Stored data
+++++

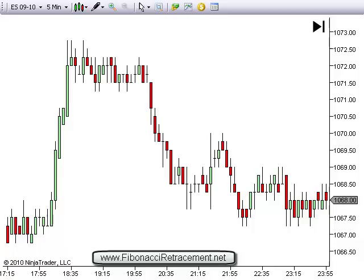Hi Traders, Dr. Barry Burns here with TopDogTrading.com. I just created a new blog, FibonacciRetracement.net, where I'm showing a lot of different Fibonacci techniques because there's been so much interest in it. I decided to create this video as a free video to share with everybody and give a little basic Fibonacci information.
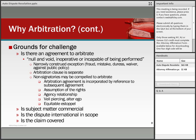It is also possible to force a non-signatory to arbitrate under certain circumstances — where you can demonstrate an agency relationship, equitable estoppel, veil-piercing, or an alter-ego relationship. The other side will try to argue it never agreed to arbitrate. Challenges to arbitration also include arguments that the matter is not commercial, not international in scope, or that the specific claim is not covered.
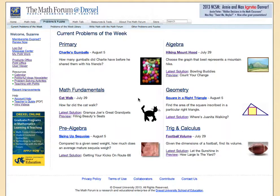This is the current problems of the week page, and you can think of this as the place where all of the activity happens — it produces the student work that we then use within the library. The links that say 'solution and commentary' found in the blue boxes are the student work that came through when that problem was a current problem of the week.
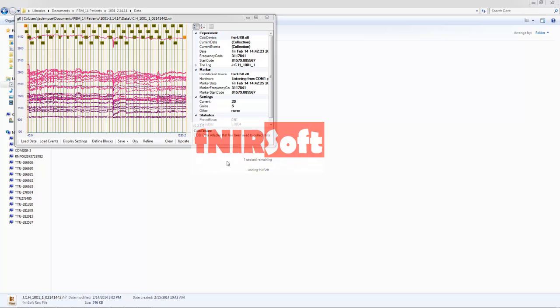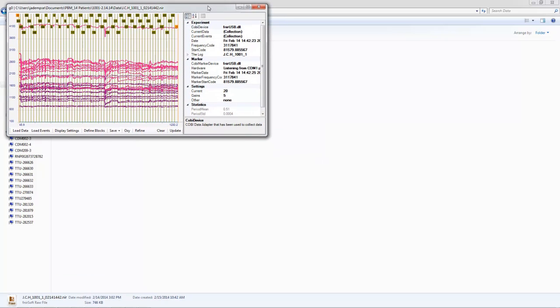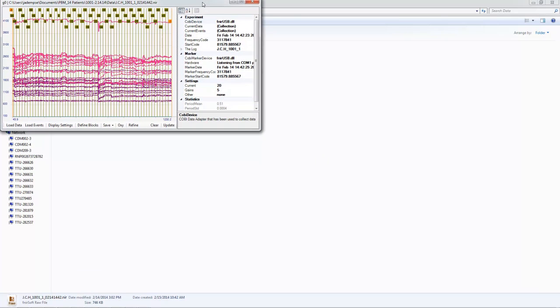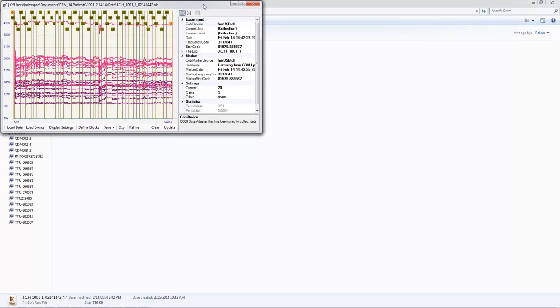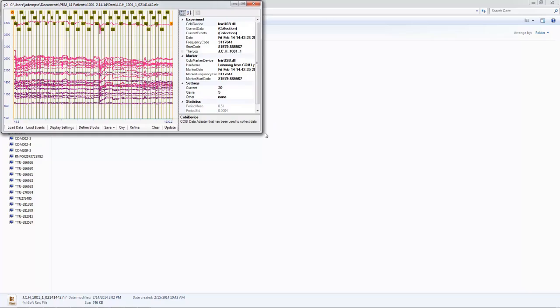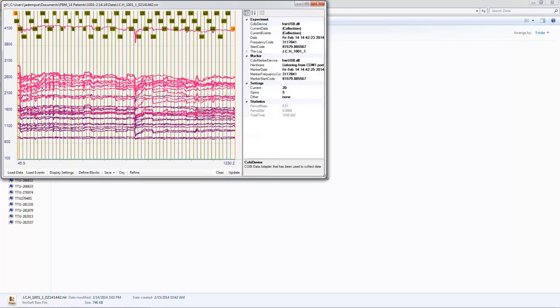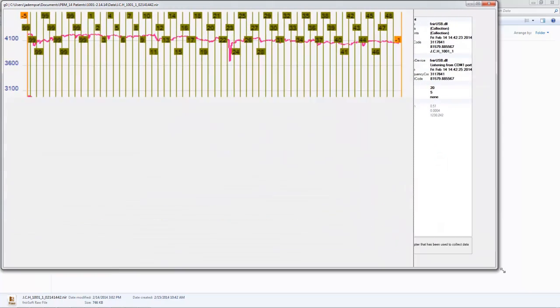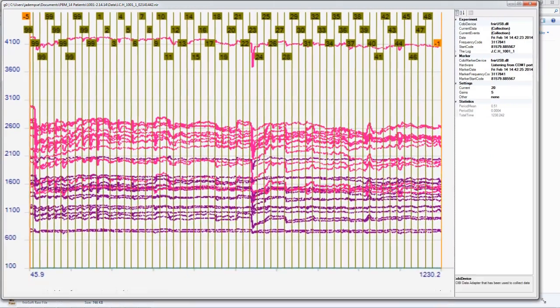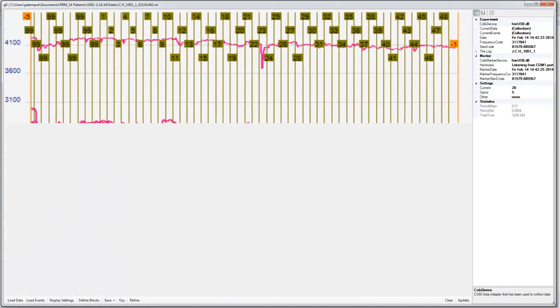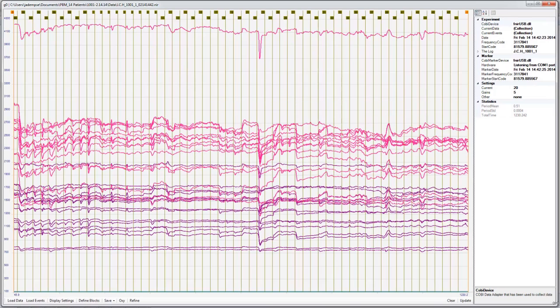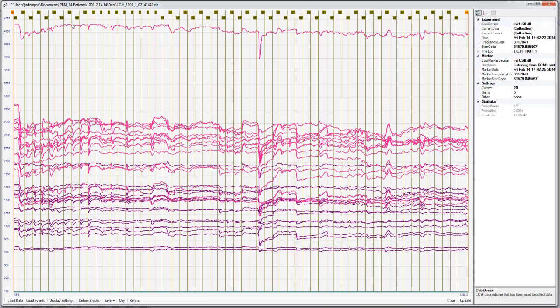Now the way I do this for our study is I actually label the habituation trials as 99 for the markers. Once you get to number 1 through 48, those are the experimental images. So now we have our first step here.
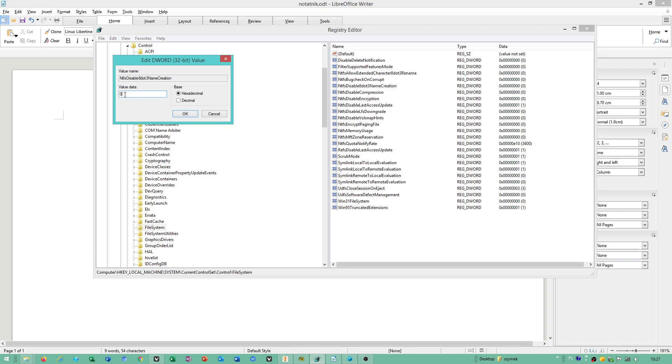By default it's one, which means it's disabled. When you type zero, it enables you to create longer names for the catalog.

+++++

_WHAT IS EXPECTED_
Could you output every record above exactly as it appears, without the pictures?

_EXERCISE ANSWER_
Hi Traders, Dr. Barry Burns here with TopDogTrading.com. I just created a new blog, FibonacciRetracement.net, where I'm showing a lot of different Fibonacci techniques because there's been so much interest in it. I decided to create this video as a free video to share with everybody and give a little basic Fibonacci information.
It is also possible to force a non-signatory to arbitrate under certain circumstances — where you can demonstrate an agency relationship, equitable estoppel, veil-piercing, or an alter-ego relationship. The other side will try to argue it never agreed to arbitrate. Challenges to arbitration also include arguments that the matter is not commercial, not international in scope, or that the specific claim is not covered.
This is the current problems of the week page, and you can think of this as the place where all of the activity happens — it produces the student work that we then use within the library. The links that say 'solution and commentary' found in the blue boxes are the student work that came through when that problem was a current problem of the week.
Now the way I do this for our study is I actually label the habituation trials as 99 for the markers. Once you get to number 1 through 48, those are the experimental images. So now we have our first step here.
By default it's one, which means it's disabled. When you type zero, it enables you to create longer names for the catalog.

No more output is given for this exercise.